-Люди бают, что вы землю хотите от станичников забрать, да меж собою поделить. А нас – кого куда.
-Слушай ты их больше, - рассердился Андрей. –Болтают невесть что, а ты и уши равесила, веришь всему.
-А рази не так? А кто ж тогда в восемнадцатом нас расказачить хотел? Ежели б казаки не поднялись, то все бы себе захапали, а нас по миру пустили бы.
-Так это когда было. Теперь все иначе будет. А если хочешь всю правду знать, то указ тот, о расказачивании, Ленин еще в том же году отменил. И трех месяцев не прошло.
-Врёшь!
-Был бы верующим – перекрестился бы, что не вру.

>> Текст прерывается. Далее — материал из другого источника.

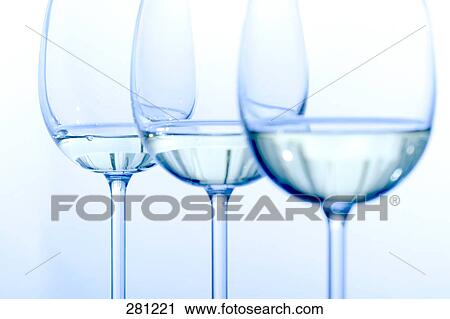 Stock Image - Close-up of glasses of white wine . Fotosearch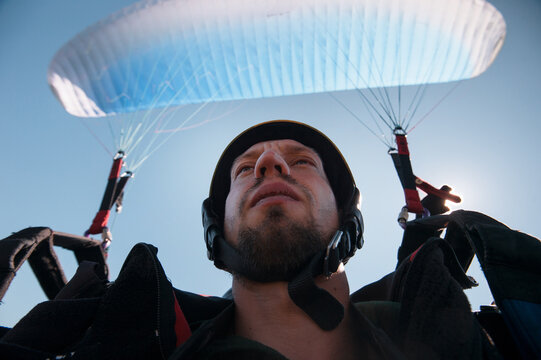 A selfie of young man paragliding on a sunny day in the mountains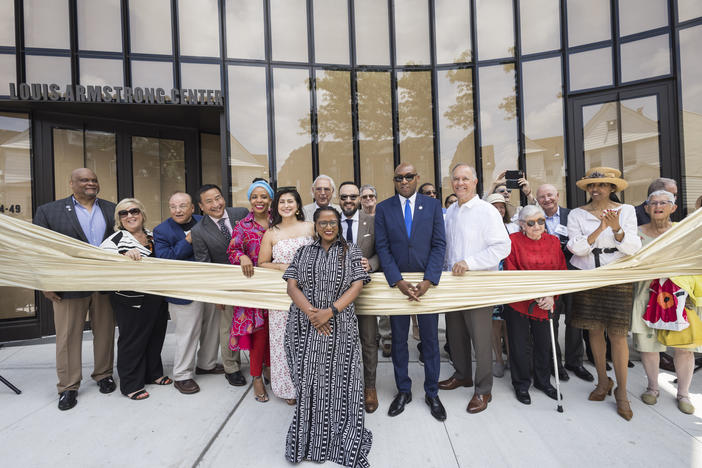 Regina Bain, executive director of the Louis Armstrong House Museum, leads a ribbon-cutting for the brand-new Louis Armstrong Center on June 29 in Queens, New York.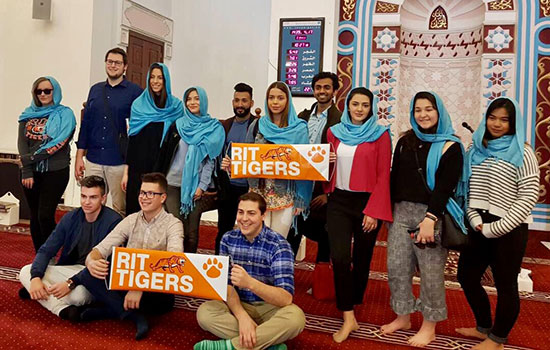 Students holding "RIT TIGERS" banners posing for a photo in Dubai.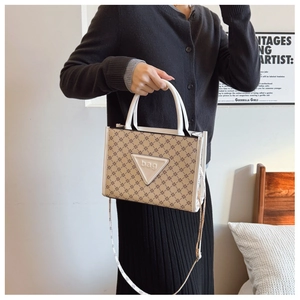 Detail of printed tote bag featuring a star pattern and white handle with bag logo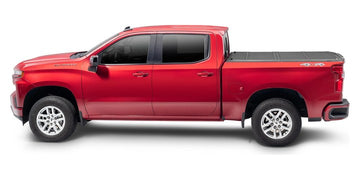Red 2020 Chevrolet Silverado 1500 with a BAKFlip G2 hard folding tonneau cover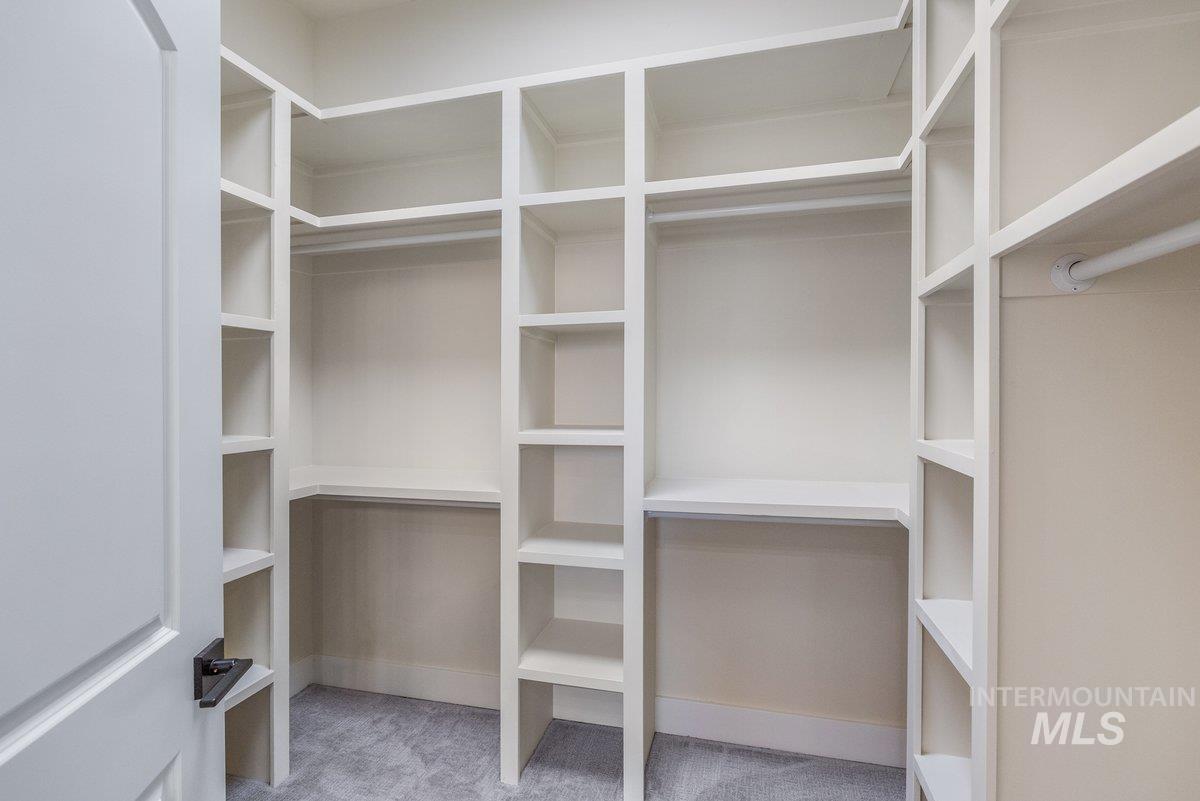 5990 West View Drive Meridian, ID 83642 - Photo 32 of 50 Walk in closet featuring light colored carpet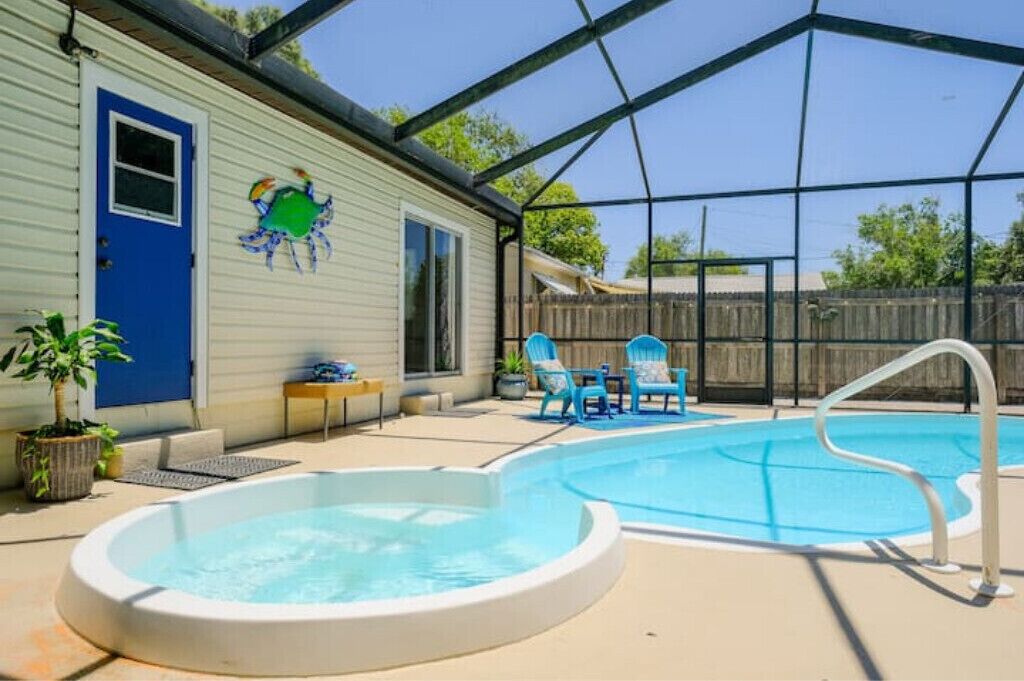 Zona de piscina exterior techada con jacuzzi, sillas de descanso y una casa con puerta azul y decoración de cangrejo.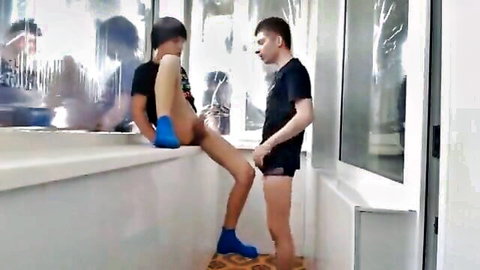 Gay twink with bare ass exposed on windowsill groped by buddy in shorts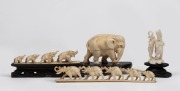 Two carved ivory elephant bridges, carved ivory elephant statue and a carved ivory elephant stand, 19th/20th century, (4 items), the largest 15cm long overall.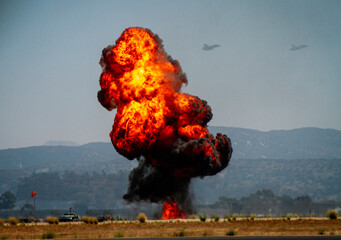 A dramatic explosion of military munitions with a ball of orange fire and jets flying in the...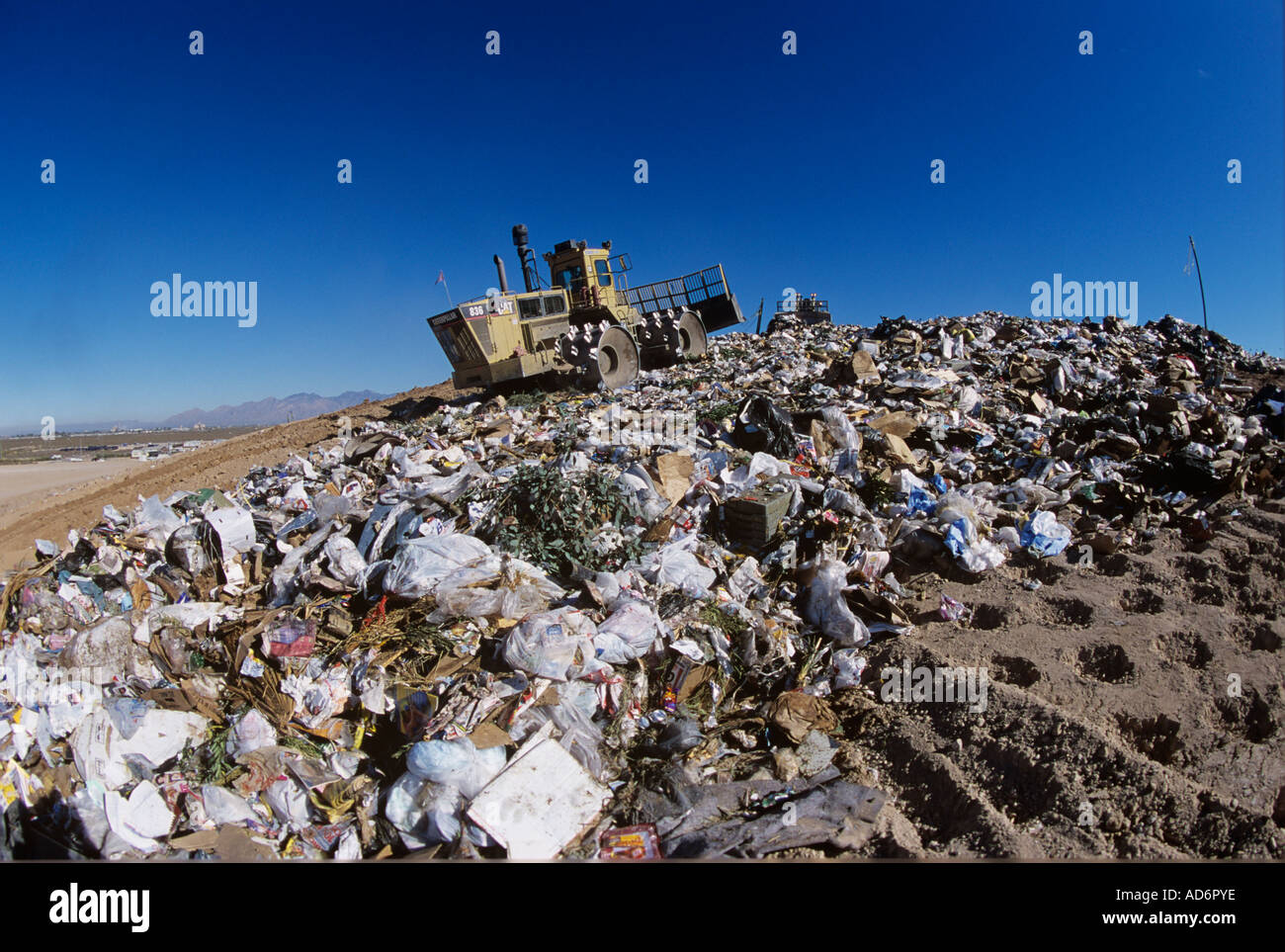 A large Cat plows trash at a landfill Stock Photo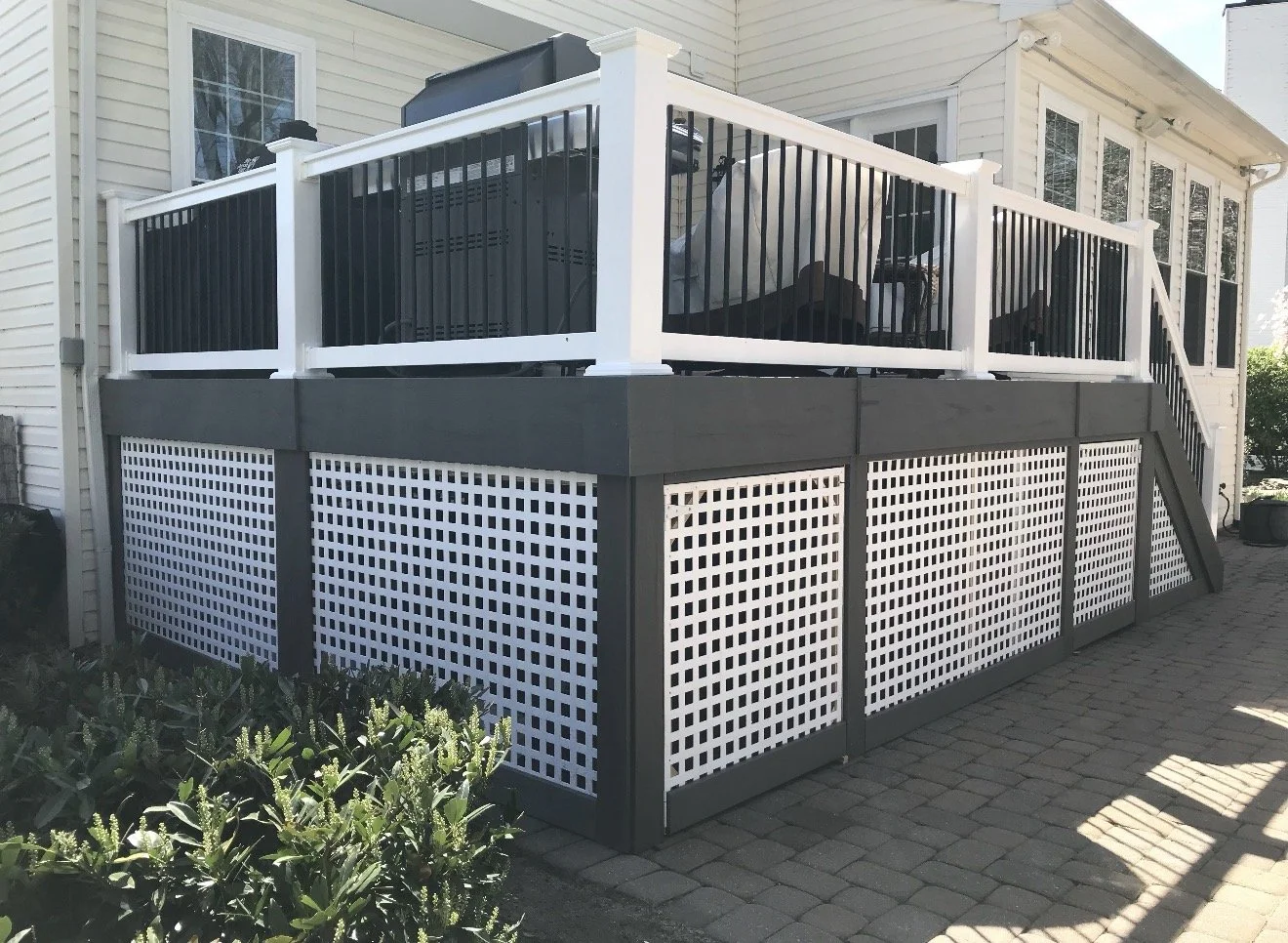 Exterior view of a house with a backyard porch, featuring a raised deck with black and white railing, a staircase leading up to the deck, and lattice skirting below. Paved patio stones extend around the deck, with some greenery in the foreground.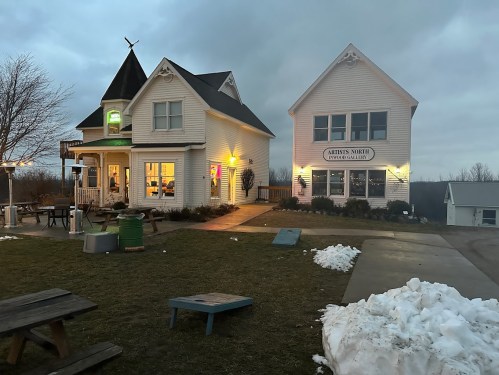 Two charming white buildings with a grassy area, one featuring a pointed roof and colorful lights, under a cloudy sky.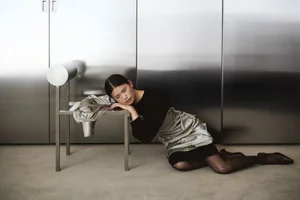 Model Cecilia Wu reclines on the floor, resting her head on a minimalist metal chair against a brushed stainless steel wall.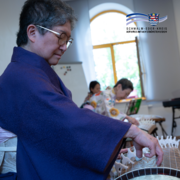 Im Vordergrund ist Frau Mizue Kishimoto-Angres am Koto, einem japanischen Instrument zu sehen.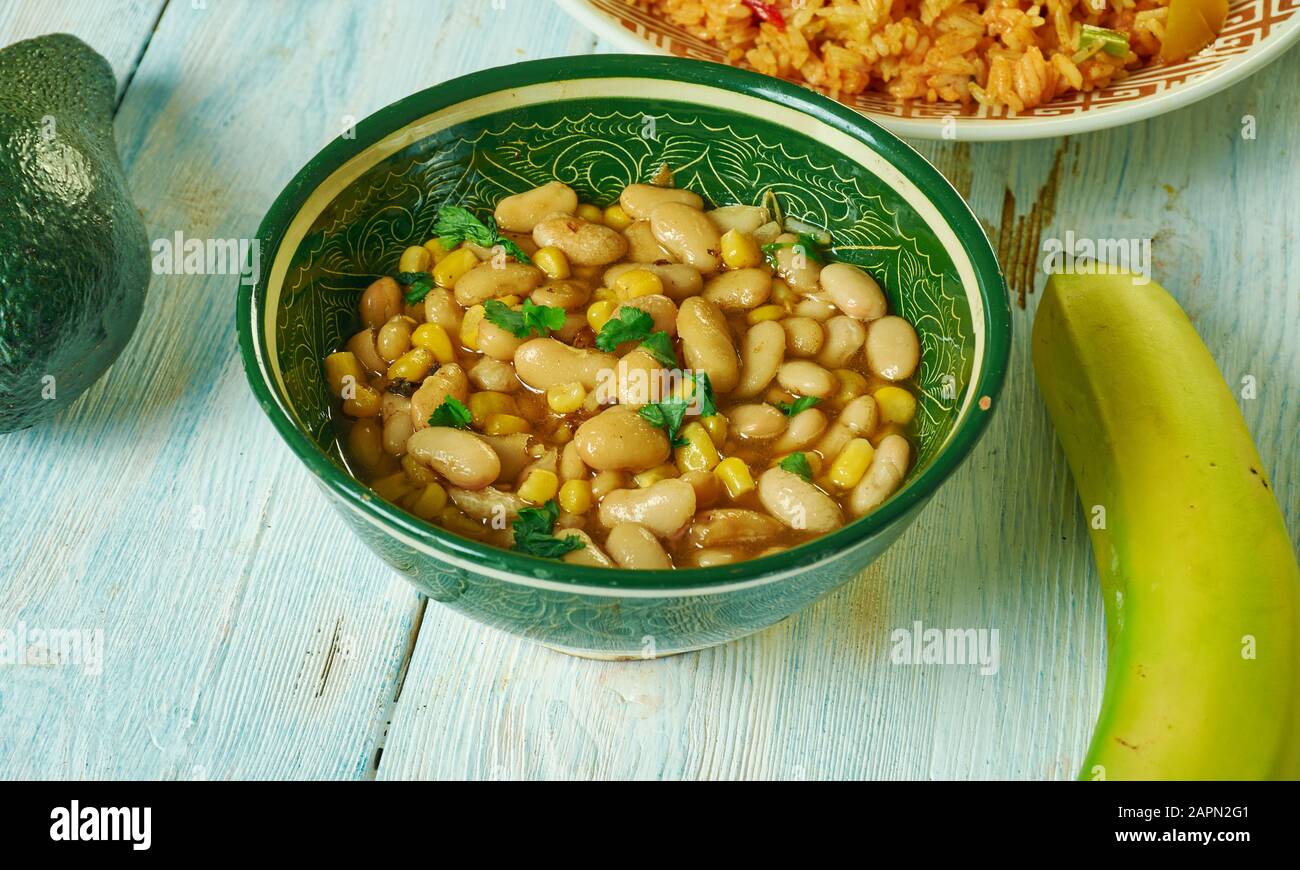 Githeri, maize and beans are mixed together in a sufuria,  Kenyan cuisine, Traditional assorted African dishes, Top view. Stock Photo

Наташа с удивлением смотрела в его глаза и не умом ещё, но сердцем своим понимала какую-то неведомую ей правоту слов. И уже по другому смотрела она на Андрея, а тот, не замечая в ней никаких перемен, продолжал что-то ей говорить. Но наконец и он заметил, что она не вслушивается в его слова, и засмеялся. Засмеялся заразительно и звонко. И от этого смеха что-то сжалось в груди у Наталии. Она почувствовала незнакомый жар, идущий по телу, и боясь выдать его каким-нибудь неловким словом или движением, попыталась встать. Но Андрей неожиданно взял ее за руку и притянул к себе. Не в силах сопротивляться, она покорно опустилась рядом с ним.
-Наташа, - прошептал Андрей. –Поехали со мной, а?
-Что это ты так вдруг?
-Не поверишь - второй день всего тебя вижу, а дорога ты стала мне. Как заходишь, так мне сразу хорошо стает.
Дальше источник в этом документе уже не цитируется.